Ohio Humanities staff are figuring out ways to deliver humanities programming to people who are obeying stay-at-home orders. Every weekday, we are committed to bringing you something new: Mondays, we share “Democracy and the Informed Citizen” podcasts, videos, and articles; Tuesdays you’ll find a conversation prompt to use when “meeting” with friends and family at home and far away; Wednesdays bring interesting blog posts written by Ohio Humanities staff; Thursdays articles from Pathways magazine will hit the waves; and Friday is dedicated to sharing books we are reading now. And we’re cooking up even more new programming–we invite you to stop by daily to dig in, and we hope all these communications will bring you new ways to have real conversations about real issues.
Our collective quest to find solutions for staying together while apart takes me back to some other significant times when communication at a distance was novel, and at times critical. This sound brings on the memories of these events.
Throwback 1: 1996
The sound takes me back to 1996, when a group of intrepid educators from Columbus Public Schools, The Ohio State University, and Columbus area nonprofit cultural organizations got together to form the Columbus Arts and Education Consortium. With a generous grant from a major communications provider, we examined the nascent topic of distance learning in the arts.
To do this, we had to use the new technology of email to communicate amongst ourselves. The nonprofit cultural sector was way behind on this. On the whole, cultural organizations are very conservative about spending money, and this new technology would take a chunk out of carefully prepared budgets. It involved having a dedicated phone line to a single computer, which was used to dial into the internet.
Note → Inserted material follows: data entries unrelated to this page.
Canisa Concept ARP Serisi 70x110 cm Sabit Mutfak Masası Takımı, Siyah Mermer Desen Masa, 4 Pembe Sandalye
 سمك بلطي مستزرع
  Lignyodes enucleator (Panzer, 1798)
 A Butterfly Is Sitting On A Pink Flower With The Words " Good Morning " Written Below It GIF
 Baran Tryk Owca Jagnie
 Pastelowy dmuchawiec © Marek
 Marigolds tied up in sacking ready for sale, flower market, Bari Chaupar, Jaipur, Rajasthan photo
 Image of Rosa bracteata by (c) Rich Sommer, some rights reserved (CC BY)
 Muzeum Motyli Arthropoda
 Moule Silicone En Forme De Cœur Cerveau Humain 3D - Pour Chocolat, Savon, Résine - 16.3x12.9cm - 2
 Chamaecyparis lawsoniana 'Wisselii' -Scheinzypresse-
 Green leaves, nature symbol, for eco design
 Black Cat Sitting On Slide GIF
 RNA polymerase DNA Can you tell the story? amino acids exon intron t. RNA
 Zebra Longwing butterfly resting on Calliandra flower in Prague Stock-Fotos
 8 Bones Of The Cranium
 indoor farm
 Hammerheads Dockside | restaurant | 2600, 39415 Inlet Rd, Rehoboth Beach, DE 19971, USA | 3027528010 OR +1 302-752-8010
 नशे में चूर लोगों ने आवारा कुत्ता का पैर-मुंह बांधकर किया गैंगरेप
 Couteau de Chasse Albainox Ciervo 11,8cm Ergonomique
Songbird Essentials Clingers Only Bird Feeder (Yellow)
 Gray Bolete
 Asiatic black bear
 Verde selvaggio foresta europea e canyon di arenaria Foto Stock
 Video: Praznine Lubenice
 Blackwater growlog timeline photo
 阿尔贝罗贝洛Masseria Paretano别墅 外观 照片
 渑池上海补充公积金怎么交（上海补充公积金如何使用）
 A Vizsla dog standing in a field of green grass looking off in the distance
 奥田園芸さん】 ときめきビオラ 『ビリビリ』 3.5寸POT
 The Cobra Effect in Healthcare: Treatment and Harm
Thanks to the grant, we were able to get a connection for one person at each nonprofit institution. And an email account on Freenet, which was, as you might have guessed, free. As we dialed up, we heard that sound.
Throwback 2: 1970
As I dialed up to connect to my Freenet email account, this sound filling my cubical in the basement of the Columbus Museum of Art, it was instantly April 14, 1970, 3:08 a.m. and I was Jack Lousma at NASA’s Mission Operations Control Room. The script ran through my mind while the dial-up went through its noisy paces.
Fred Haise (Apollo 13): Okay Houston.
Jack Swigert (Apollo 13): I believe we’ve had a problem here.
Me (as Jack Lousma): This is Houston. Say again, please.
Jim Lovell (Apollo 13): Houston, we’ve had a problem. We’ve had a MAIN B BUS UNDERVOLT.
Me: Roger. MAIN B UNDERVOLT. (pause) Okay, stand by, 13. We’re looking at it.
By then the dial-up was complete and it’s 6:07 p.m. on April 17 and I am now Joe Kerwin at Mission Control.
Me: Odyssey, Houston. We show you on the mains, it really looks great. . . . Got you on television, babe.
The mission is a success. The lives of three American heroes are saved. A nation cheers.
For cultural organizations, the small triumphs–like getting email access for your fellow educators–are dear.
And intrepid groups of people today coming together virtually to push forward into the new ways of being a community, I think, is in its own small way kind of heroic.
Roger that. Over and out.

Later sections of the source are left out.